Gold ETFs and gold mining ETFs are readily available through brokerage firms. Simply research and identify the particular ETF that interests you and then load that ticker symbol into your broker’s order entry platform. Today, many brokers offer commission-free trading in ETFs.
How Do Gold ETFs and Gold Mining ETFs Compare with Other Investments?
ETFs provide more liquidity, lower costs, and storage ease than owning physical gold. However, physical gold allows true ownership while ETF holders only experience indirect exposure through the fund. ETFs are also simpler with full asset backing than when trading futures, which also have inherent leverage/contango considerations.
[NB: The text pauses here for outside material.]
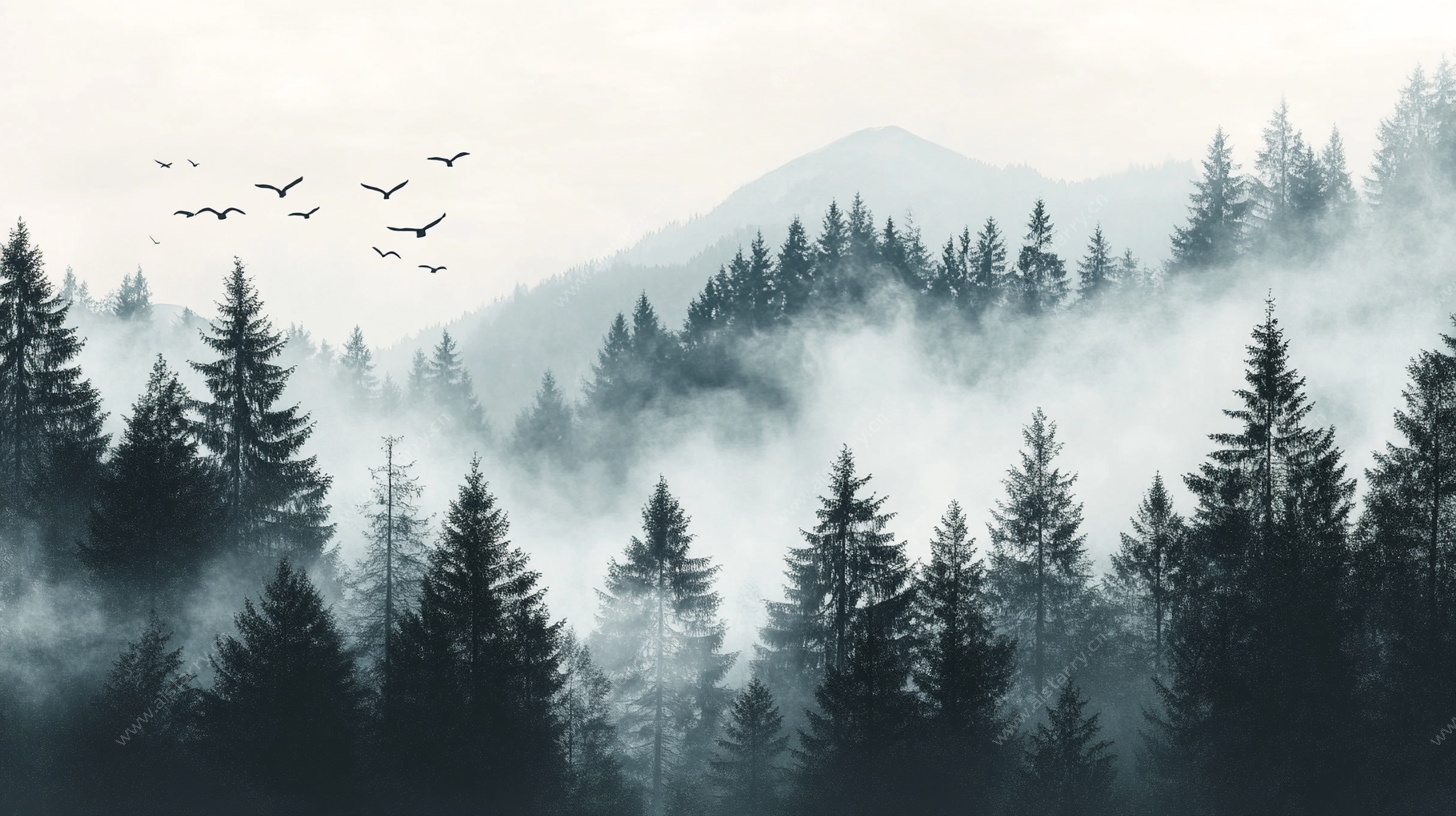 雾中松林飞鸟美景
Is It Better to Invest Directly in Gold or in Gold ETFs?
Investing in gold vs. gold ETFs depends on individual investment goals, risk tolerance, and preferences. Both options have advantages and drawbacks.
Physical gold can be held and stored, offering a sense of security to many investors. Owning physical gold also means there are none of the risks associated with the management or performance of a fund.
However, extensive holdings of physical gold require secure storage and insurance, which can be costly and cumbersome. Selling physical gold can also be less convenient and take more time than selling shares of an ETF.
Can I Hold a Gold ETF in a Retirement Account?
Yes, gold ETFs can be held in a retirement account like a traditional or Roth IRA. This is beneficial, since holding physical gold in an IRA requires a special gold IRA, which has its own rules and fees.
The Bottom Line
Both gold ETFs and gold mining ETFs provide ordinary investors with an accessible and cost-effective way to diversify into gold. Gold ETFs that hold physical gold track the price of gold, while gold mining ETFs hold stocks engaged in the gold mining industry.
Choosing which is best for your portfolio depends on your needs, risk tolerance, and investment goals. Regardless of which you choose, be sure to pay attention to expense ratios, liquidity measures, benchmarks, and the portfolio of ETF holdings.